The offset gets added to the coordinates of all parts of the mask that you pass into the function.

So, if you have mask A:

000
001
001

and mask B:

000
010
000

and you ask

A.overlap(B, (ofsx, ofsy))

then ofsx and ofsy are added to the coordinates of B.

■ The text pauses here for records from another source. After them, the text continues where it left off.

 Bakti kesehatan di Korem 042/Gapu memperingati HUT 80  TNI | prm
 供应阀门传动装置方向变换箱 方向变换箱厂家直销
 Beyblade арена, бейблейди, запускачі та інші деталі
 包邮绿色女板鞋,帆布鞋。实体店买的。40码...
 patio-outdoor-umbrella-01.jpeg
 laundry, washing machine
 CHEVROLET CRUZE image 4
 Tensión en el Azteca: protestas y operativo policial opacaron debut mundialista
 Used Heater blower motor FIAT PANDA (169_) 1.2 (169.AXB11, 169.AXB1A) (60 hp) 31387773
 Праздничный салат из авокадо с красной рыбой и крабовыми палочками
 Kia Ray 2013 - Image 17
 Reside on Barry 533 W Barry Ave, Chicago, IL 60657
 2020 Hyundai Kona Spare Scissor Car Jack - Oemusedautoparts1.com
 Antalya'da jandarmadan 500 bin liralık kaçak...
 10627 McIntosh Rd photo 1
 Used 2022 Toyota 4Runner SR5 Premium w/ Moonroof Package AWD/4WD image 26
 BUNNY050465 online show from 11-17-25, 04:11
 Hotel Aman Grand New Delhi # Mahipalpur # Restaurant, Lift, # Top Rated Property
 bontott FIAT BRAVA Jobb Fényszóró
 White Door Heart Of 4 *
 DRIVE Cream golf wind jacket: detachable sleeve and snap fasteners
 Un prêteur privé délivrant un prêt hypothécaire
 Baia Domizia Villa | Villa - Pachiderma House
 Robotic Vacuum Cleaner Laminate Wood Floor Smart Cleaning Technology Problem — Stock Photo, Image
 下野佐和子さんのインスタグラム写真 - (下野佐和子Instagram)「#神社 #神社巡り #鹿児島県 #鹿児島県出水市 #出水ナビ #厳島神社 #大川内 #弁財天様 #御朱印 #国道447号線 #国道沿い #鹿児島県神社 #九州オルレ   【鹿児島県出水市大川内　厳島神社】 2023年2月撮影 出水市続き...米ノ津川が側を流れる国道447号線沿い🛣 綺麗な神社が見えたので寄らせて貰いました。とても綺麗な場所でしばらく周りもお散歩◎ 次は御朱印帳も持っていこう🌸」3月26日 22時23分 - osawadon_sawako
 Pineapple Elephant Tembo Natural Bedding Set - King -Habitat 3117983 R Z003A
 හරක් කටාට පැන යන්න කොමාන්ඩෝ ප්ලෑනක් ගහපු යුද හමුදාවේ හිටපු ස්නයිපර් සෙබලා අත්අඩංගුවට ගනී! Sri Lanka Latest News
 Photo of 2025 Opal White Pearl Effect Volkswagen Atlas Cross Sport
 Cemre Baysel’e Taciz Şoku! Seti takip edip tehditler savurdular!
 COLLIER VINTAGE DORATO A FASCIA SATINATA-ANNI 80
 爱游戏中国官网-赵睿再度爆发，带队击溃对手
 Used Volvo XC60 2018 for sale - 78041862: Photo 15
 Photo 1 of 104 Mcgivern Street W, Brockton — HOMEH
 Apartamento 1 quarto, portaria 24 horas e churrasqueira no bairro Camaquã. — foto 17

Imagine both masks in the context of a large raster with the top-left corner of A at the origin. B is shifted (ofsx, ofsy) within that raster before its overlap with A is calculated.

For example if you ask

A.overlap(B, (3, 4))

Then the following raster is evaluated for overlaps:

X X X X X X X X X X X X X X X X
X X X X X X X X X X X X X X X X
X X X X X X X X X X X X X X X X
X X X X X X X X X X X X X X X X
X X X X X X X X X X X X X X X X
X X X X X X X|0 0 0|X X X X X X
X X X X X X X|0 0 1|X X X X X X
X X X X X X X|0 0 1|X X X X X X
X X X X X X X X X X X X X X X X
X X X X X X X X X X|0 0 0|X X X <-  B @ imaginary origin + (3, 4)
X X X X X X X X X X|0 1 0|X X X
X X X X X X X X X X|0 0 0|X X X
X X X X X X X X X X X X X X X X
             ^     
             |     
             A @ imaginary origin

if you put negative values into the offset parameter, it shifts B in the other direction.